Where an entry holds an image, leave the image out; otherwise reproduce the entry exactly.

=== Records for processing ===

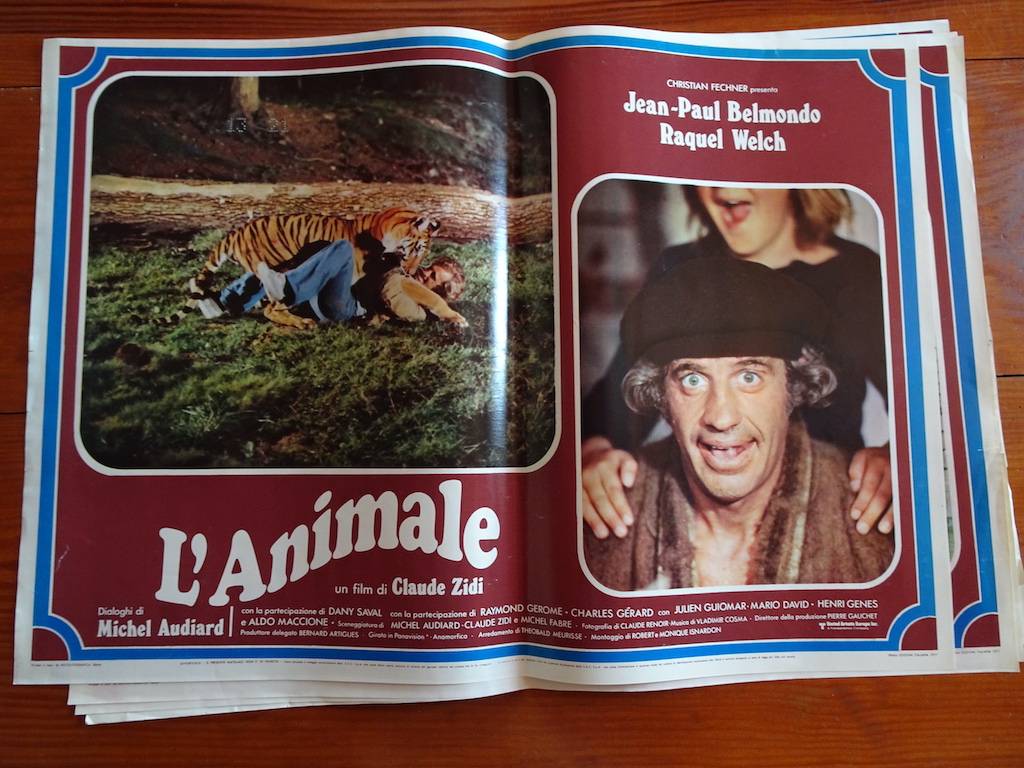 L’animale 4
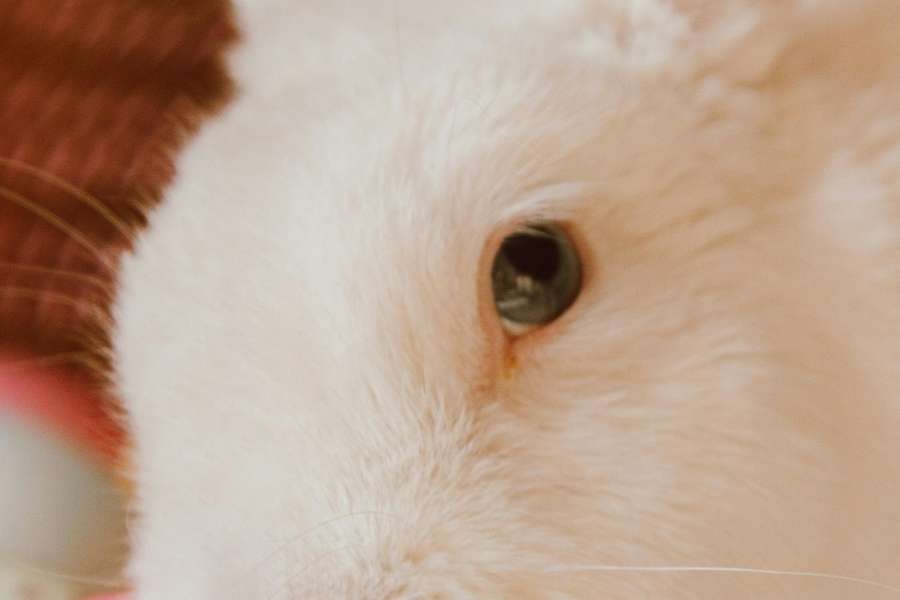 kideaz copyright event  tuffi pro atelier 6 10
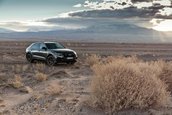 Audi Q8 50 TDI S line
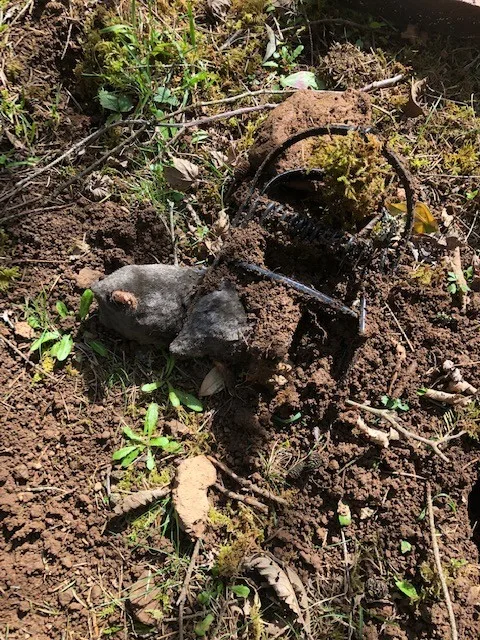 The Mole Guys - Photo 5
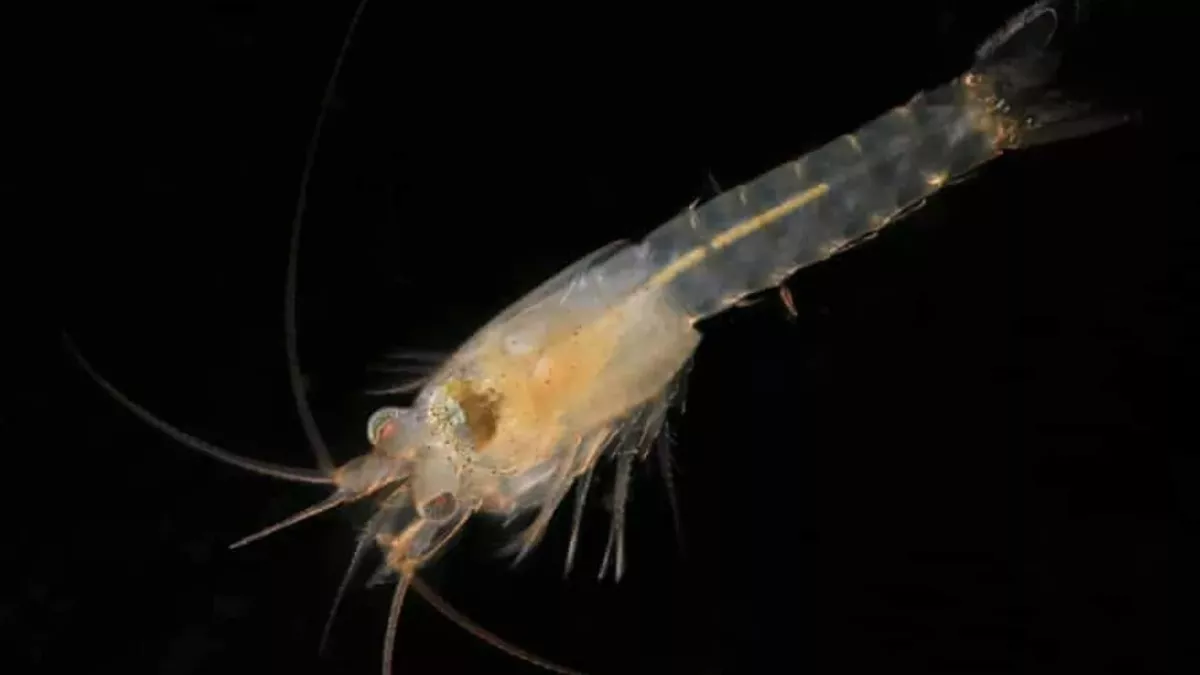A new shrimp species was discovered... in the middle of London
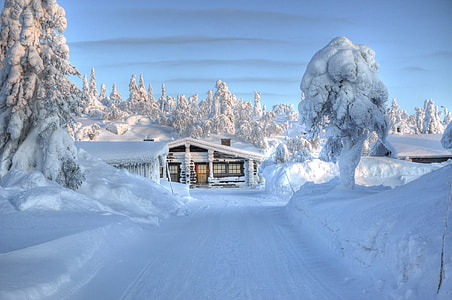 white capped houses and trees during daytime thumbnail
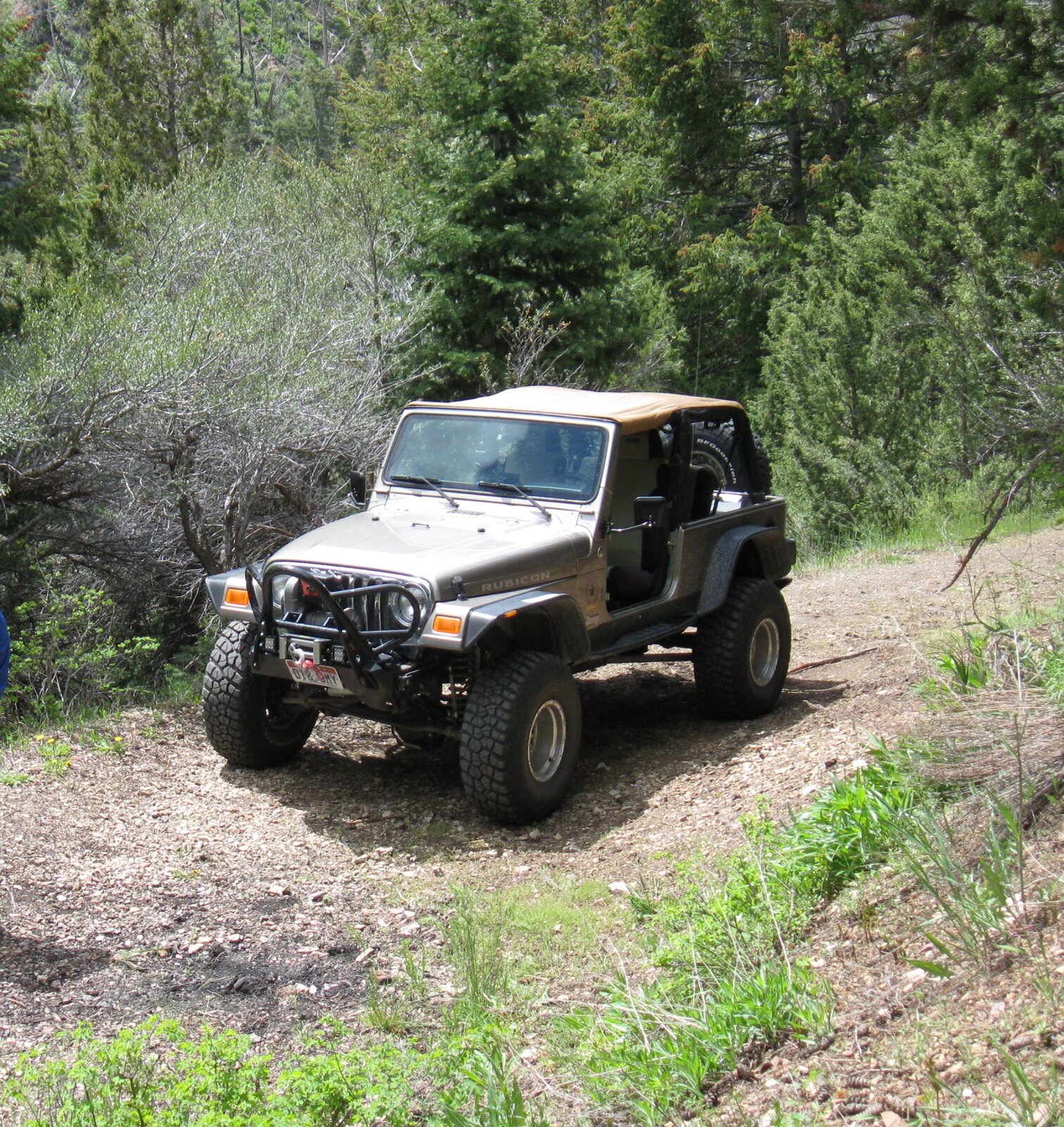 2016 Spring (37).JPG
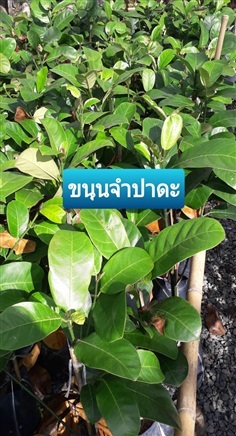 ขนุนจำปาดะ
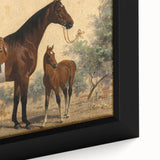 Vintage Animal Art: Horse and Foal – Antique Wildlife Print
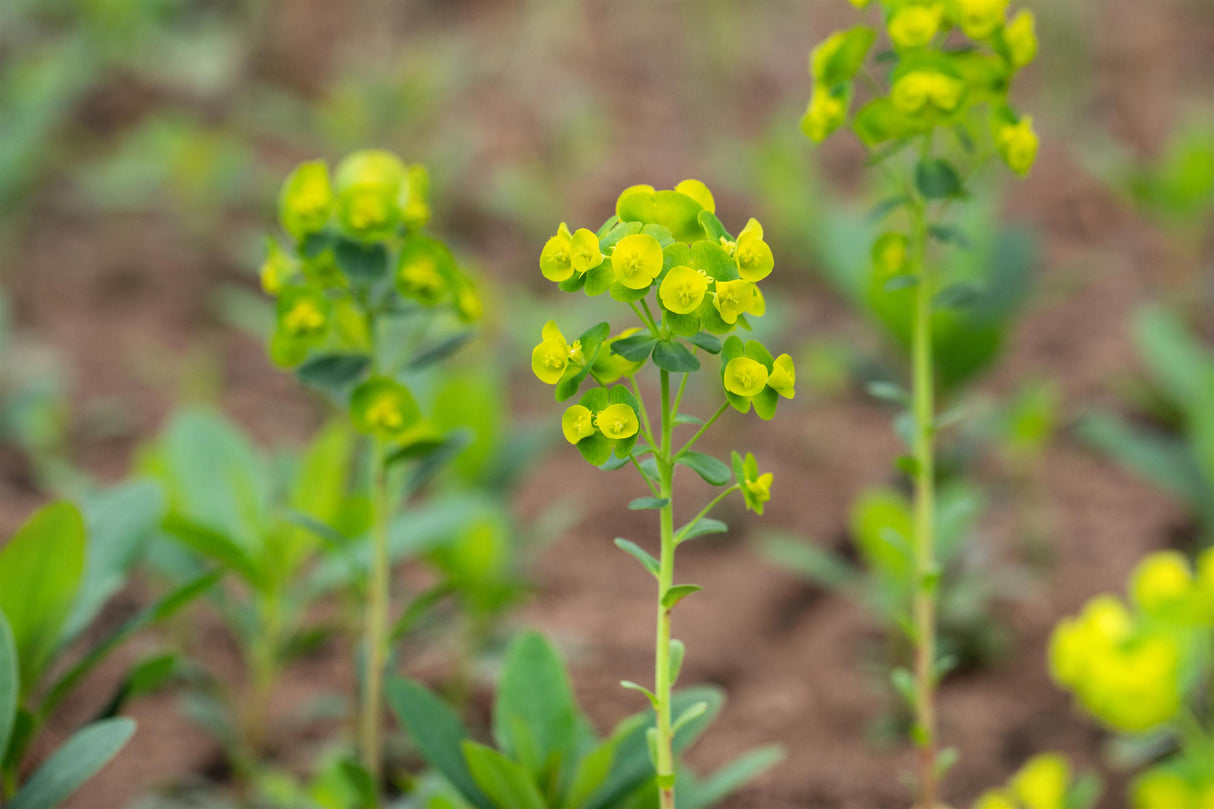 Euphorbia amygdaloides 'Purpurea' mit Blüte; Einsatz: ;;ab 6,00 Euro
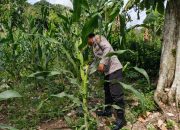 Kasium Polsek BP Peliung Pantau Lahan Jagung, Perkuat Dukungan terhadap Program Ketahanan Pangan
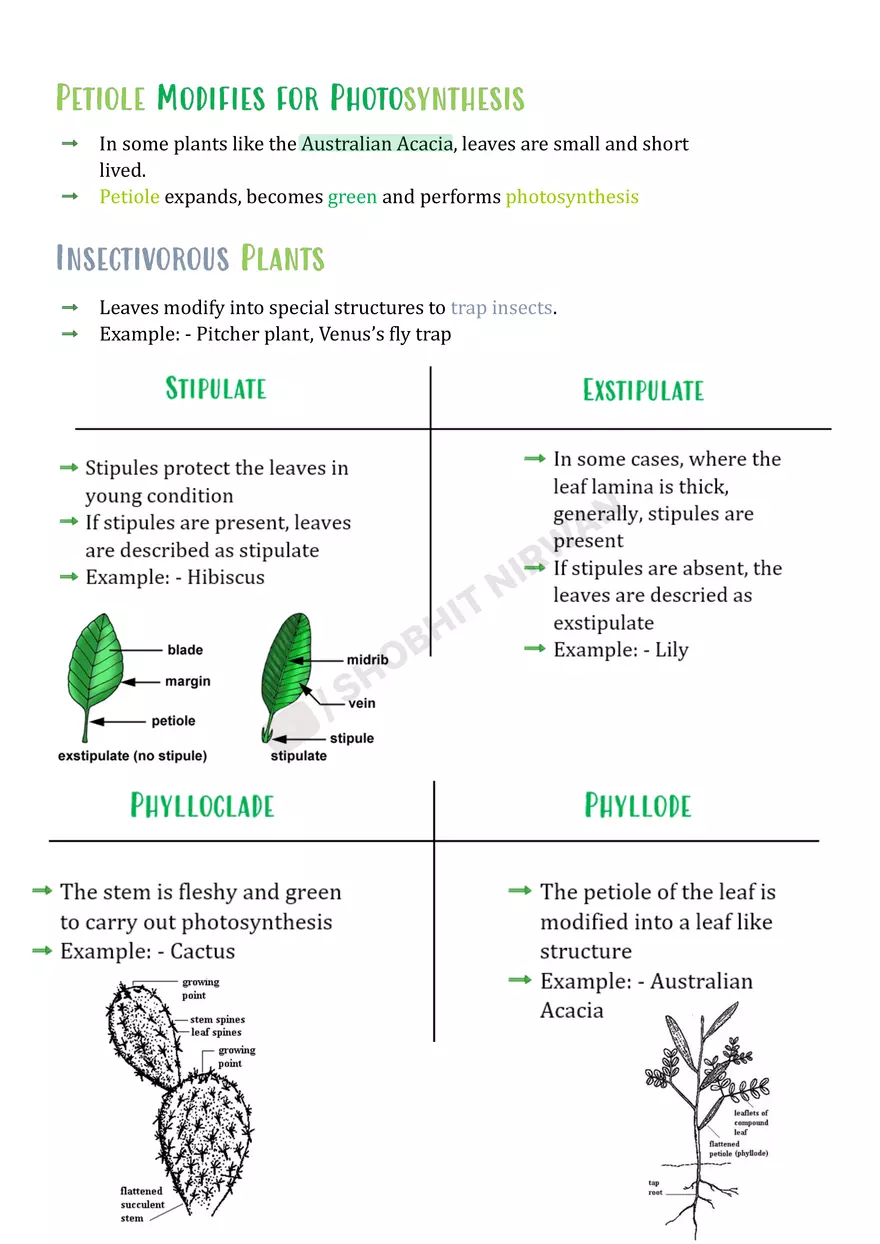 Morphology of Flowering Plants - Page 3
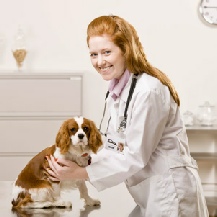 crestwood acres kennels dog breeder vet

===

Reply to the exercise:
 L’animale 4
 kideaz copyright event  tuffi pro atelier 6 10
 Audi Q8 50 TDI S line
 The Mole Guys - Photo 5
A new shrimp species was discovered... in the middle of London
 white capped houses and trees during daytime thumbnail
 2016 Spring (37).JPG
 ขนุนจำปาดะ
 Vintage Animal Art: Horse and Foal – Antique Wildlife Print
 Euphorbia amygdaloides 'Purpurea' mit Blüte; Einsatz: ;;ab 6,00 Euro
 Kasium Polsek BP Peliung Pantau Lahan Jagung, Perkuat Dukungan terhadap Program Ketahanan Pangan
 Morphology of Flowering Plants - Page 3
 crestwood acres kennels dog breeder vet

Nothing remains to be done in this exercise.